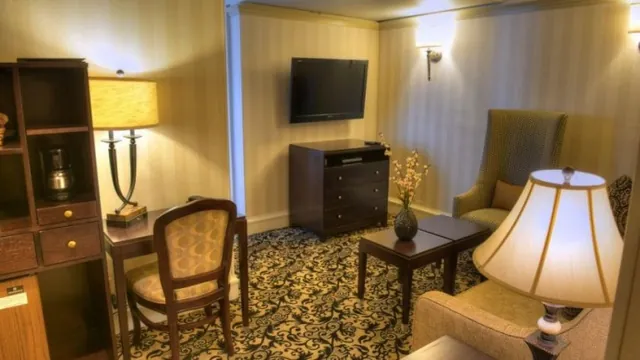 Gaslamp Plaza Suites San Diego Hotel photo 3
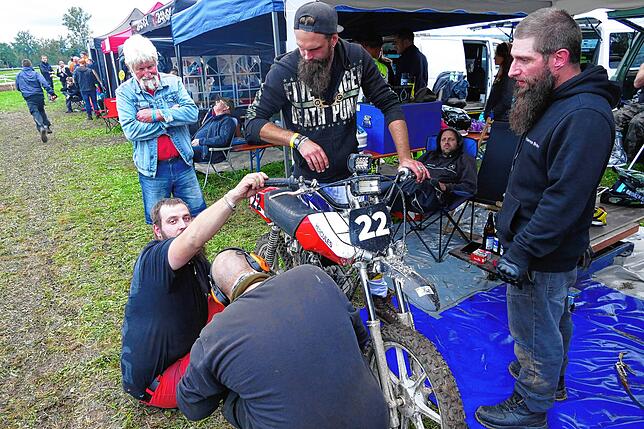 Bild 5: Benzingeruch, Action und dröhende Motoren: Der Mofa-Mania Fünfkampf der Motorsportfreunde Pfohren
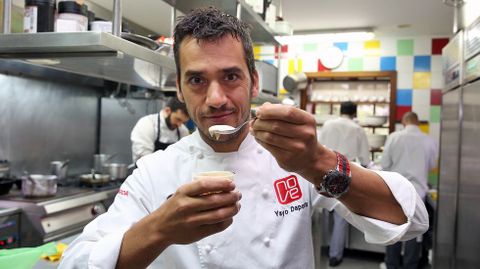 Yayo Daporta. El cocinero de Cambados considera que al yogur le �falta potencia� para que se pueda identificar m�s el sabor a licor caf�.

DESCRIPTION OF THE TASK: Print only the lines running from the line that contains "Bild 5: Benzingeruch, Action" to the final line of the listing, both included. Omit every picture.

WRITTEN SOLUTION:
 Bild 5: Benzingeruch, Action und dröhende Motoren: Der Mofa-Mania Fünfkampf der Motorsportfreunde Pfohren
 Yayo Daporta. El cocinero de Cambados considera que al yogur le �falta potencia� para que se pueda identificar m�s el sabor a licor caf�.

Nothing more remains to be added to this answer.